Captioned web images
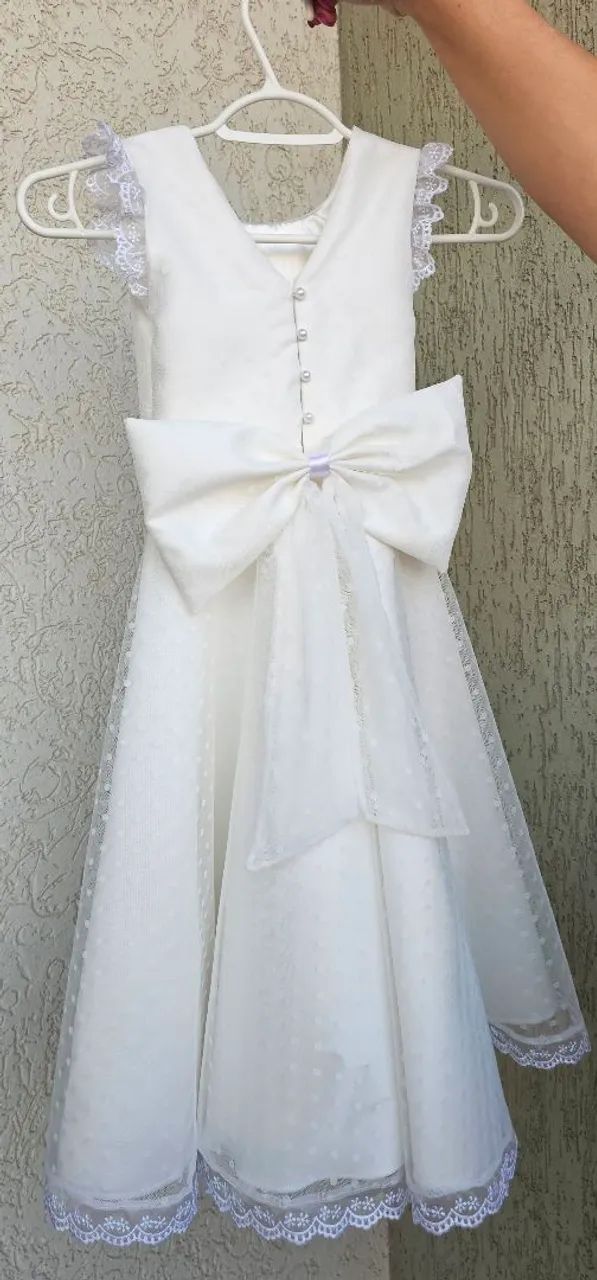 Vestido Daminha - Foto 3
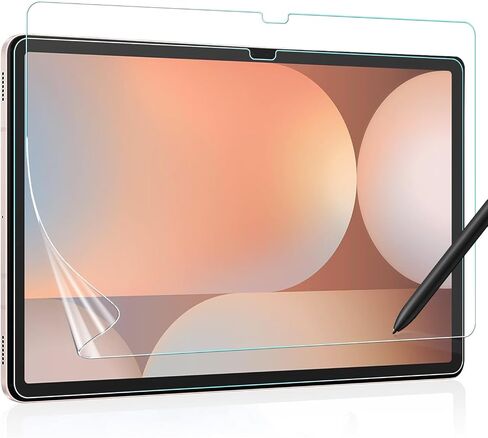 [2 Pack] Paperfeel Screen Protector Compatible for Samsung Galaxy Tab S10 Ultra 14.6 Inch, [Feel Like Paper Film Writing] Tablet PET Film for S-Pen in Kuwait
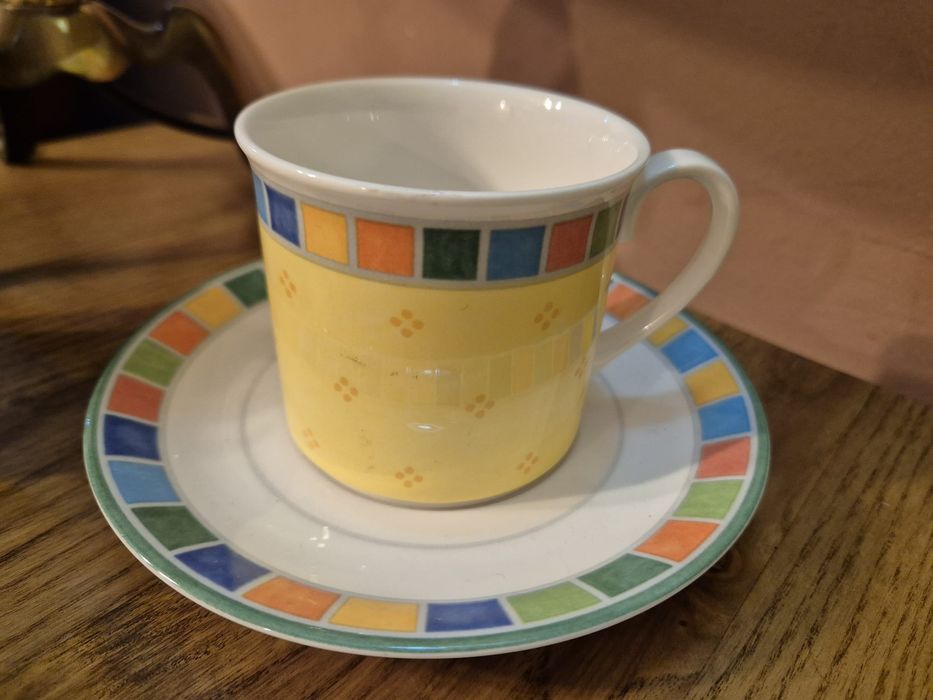 Villeroy and Boch Twist Alea Limone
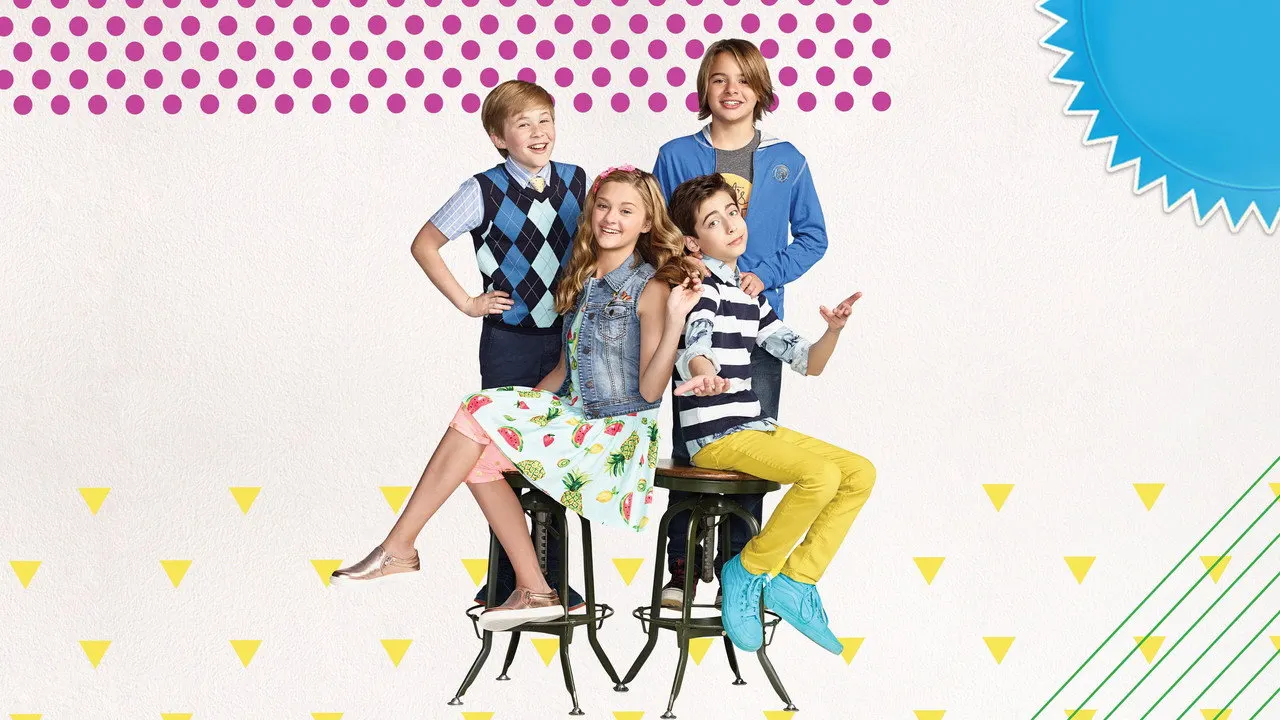 Cena de Nicky, Ricky, Dicky e Dawn (2014)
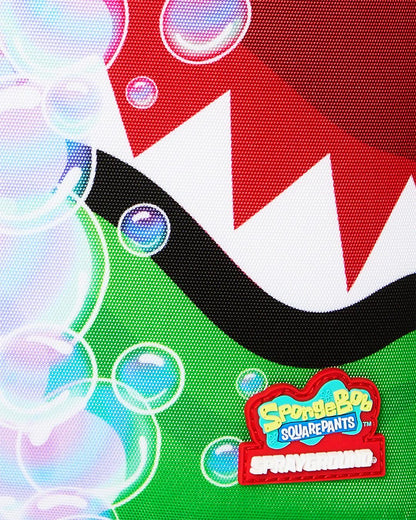 Sprayground SPONGEBOB VS MONEYBEAR BACKPACK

## [Task requirements]
Give the records again exactly as they stand, so that only the pictures are missing.

## [Exercise response]
 Vestido Daminha - Foto 3
 [2 Pack] Paperfeel Screen Protector Compatible for Samsung Galaxy Tab S10 Ultra 14.6 Inch, [Feel Like Paper Film Writing] Tablet PET Film for S-Pen in Kuwait
 Villeroy and Boch Twist Alea Limone
 Cena de Nicky, Ricky, Dicky e Dawn (2014)
 Sprayground SPONGEBOB VS MONEYBEAR BACKPACK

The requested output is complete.